Where $d$ is the day of the year, and $T(d)$ is the temperature on that day. I am using SVD to solve for $c_0$ and $c_1$, but I want to increase the accuracy of my solution.

Is there a way to add a new parameter $c_2$ to increase the accuracy of the solution?

Here is the data I'm using:

\begin{array}{l|l} \hline \text { January } & 62^{\circ} \mathrm{F} \\ \hline \text { February } & 67^{\circ} \mathrm{F} \\ \hline \text { March } & 73^{\circ} \mathrm{F} \\ \hline \text { April } & 79^{\circ} \mathrm{F} \\ \hline \text { May } & 86^{\circ} \mathrm{F} \\ \hline \text { June } & 91^{\circ} \mathrm{F} \\ \hline \text { July } & 94^{\circ} \mathrm{F} \\ \hline \text { August } & 94^{\circ} \mathrm{F} \\ \hline \text { September } & 89^{\circ} \mathrm{F} \\ \hline \text { October } & 82^{\circ} \mathrm{F} \\ \hline \text { November } & 72^{\circ} \mathrm{F} \\ \hline \text { December } & 65^{\circ} \mathrm{F} \end{array}

2

There are 2 best solutions below

1
On

Regarding whether you can add a parameter, you can do what you like. You could add a million parameters if you so wanted. The only limitation is that a good model has only as many parameters as is appropriate to its data, and hence is not over- or underfitted. But you can essentially always grant yourself higher accuracy by including a new parameters in the right way, while keeping in mind that a model with too many parameters may be overfitted and needlessly complex, and hence inappropriate.

A reasonable approach to your problem would be fitting to the data a sine (or cosine) wave in $4$ parameters, amplitude, frequency, and phase offset, and a constant baseline offset

$$y(t)=A\sin(2\pi f t + \varphi)+c$$

Each parameter is justified since essentially no real, measured physical processes are going to have amplitude exactly $\pm1$ (hence $A$), frequency exactly $1$ (hence $f$), or begin exactly at $t=0$ (hence $\varphi$). (A baseline of $0$ may be reasonable but is not the case here.) If you are assuming your data to repeat exactly annually, then that is equivalent to assuming $f=\frac{1}{365.24}\,\text{days}$ (NB: use the tropical [solar] year for this, not the Gregorian [calendar] year or others.)

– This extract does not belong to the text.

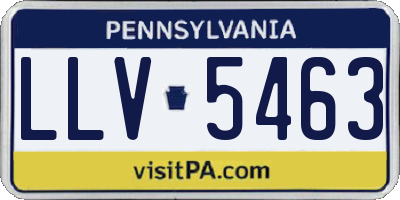 PA license plate LLV5463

And your parameter of $c_2$ is the phase offset. It would be strange to assume that it shouldn't be included, unless your process began exactly at $t=0$.

0
On

Using month instead of day and assuming (!!) $360$ days per year and $30$ days per month, if you want the model to be$$T(m)=c_0+c_1 \cos \left(\frac{ \pi}{6} m+c_2\right)$$ expand the cosine $$T(m)=c_0+c_1\Bigg[ \cos \left(\frac{ \pi}{6} m\right)\cos(c_2)-\sin \left(\frac{ \pi}{6} m\right)\sin(c_2)\Bigg]$$ Define $c_3=c_1\cos(c_2)$ and $c_4=-c_1 \sin(c_2)$ $$T(m)=c_0+c_3\cos \left(\frac{ \pi}{6} m\right)+c_4\sin \left(\frac{ \pi}{6} m\right)$$ Perform the regression and compute $c_2$ from $(c_3,c_4)$ and recompute $c_1$.

With your data, it is quite spectacular.